India’s fintech landscape has undergone a remarkable transformation, emerging as a global frontrunner with a thriving ecosystem of startups.
The Centre for Advanced Financial Research and Learning (CAFRAL) reports that nearly half of the 14,000 startups founded between 2016 and 2021 belong to the fintech sector. As the third-largest fintech hub globally, India’s fintech firms are projected to outpace traditional banking routes by 2030, signifying a seismic shift in the financial services paradigm.
In the wake of the progressive Union Budget presented last year by Finance Minister Nirmala Sitharaman, which outlined key priorities guiding the nation through the Amrit Kaal, anticipation is high for the upcoming pre-election budget. While expectations suggest a relatively subdued budget, it presents a strategic opportunity to catalyze sustainable growth for FinTech in the Indian economy.
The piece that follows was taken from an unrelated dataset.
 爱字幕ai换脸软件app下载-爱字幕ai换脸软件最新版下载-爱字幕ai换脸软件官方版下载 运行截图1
One key expectation revolves around incentivizing FinTech’s dedicated to empowering underprivileged SMEs through financial and technical support. This move aligns with the government’s commitment to fostering inclusive growth, addressing social disparities, and leveraging the transformative potential of fintech.
Additional measures, including maintaining the profitability of state-owned banks, enhancing credit guarantee schemes for MSMEs, introducing Production-Linked Incentive (PLI) schemes, and augmenting subsidies for small businesses, are eagerly awaited. The financial services industry is also anticipating crucial announcements related to the management of Non-Performing Assets (NPAs), aiming to fortify the sector against potential risks.
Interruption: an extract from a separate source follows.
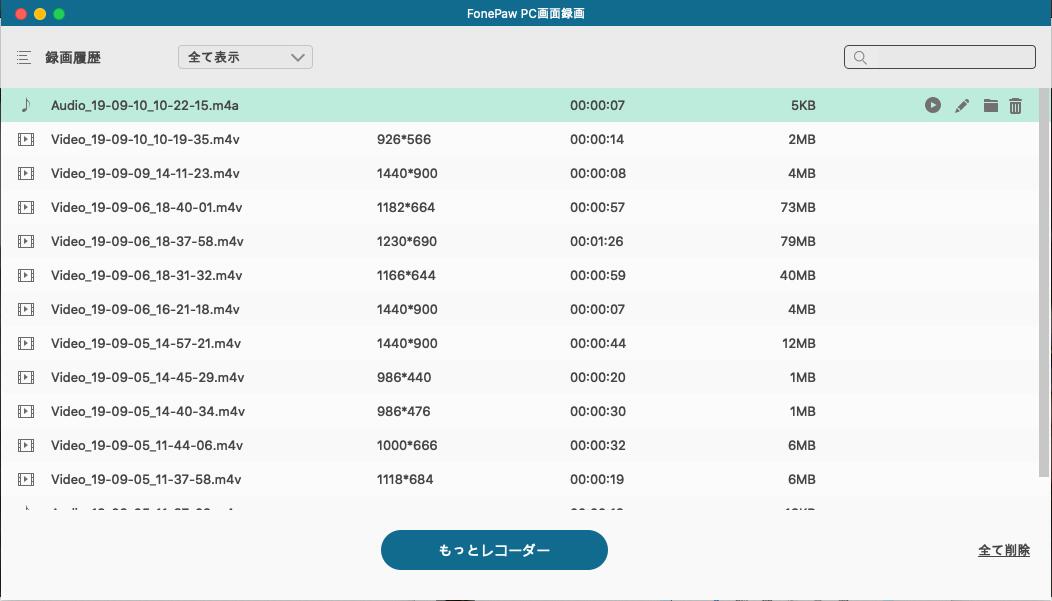 録画したYouTubeの動画を確認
A notable expectation is the introduction of financial inclusion measures to increase credit penetration in tier-2 and tier-3 markets, benefiting over 64 million MSMEs and underserved individuals. The budget also allows the government to simplify and clarify financial service regulations, encouraging collaboration between traditional lenders and fintechs. This will help spur the creation of smart, risk-tailored solutions, speeding up credit assessments through analytics and technology.
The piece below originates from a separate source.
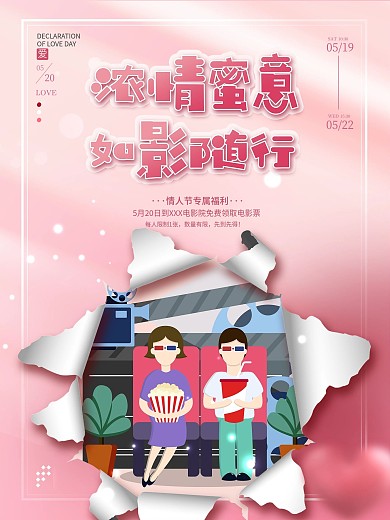 浪漫甜蜜520观影活动电影促销海报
Besides, the fintech sector remains optimistic about the government’s commitment to implementing policies that stimulate sectoral growth, enhance outreach, and amplify India’s digital presence. India’s distinctive digital public infrastructure has been a linchpin in propelling the fintech sector’s upward trajectory, and further emphasis on digitalization is expected in the upcoming budget.
As the sector evolves, a nuanced approach to regulation and policymaking becomes paramount. Striking a balance between fuelling innovation and safeguarding consumer interests should be a priority.
In sum, the budget provides a crucial opportunity for the government to find the right blend – encouraging innovation, ensuring consumer protection, and bolstering digital infrastructure. It’s a strategic moment to bring more Micro, Small, and Medium Enterprises (MSMEs) into the formal framework, striking a harmonious balance for sustained economic growth.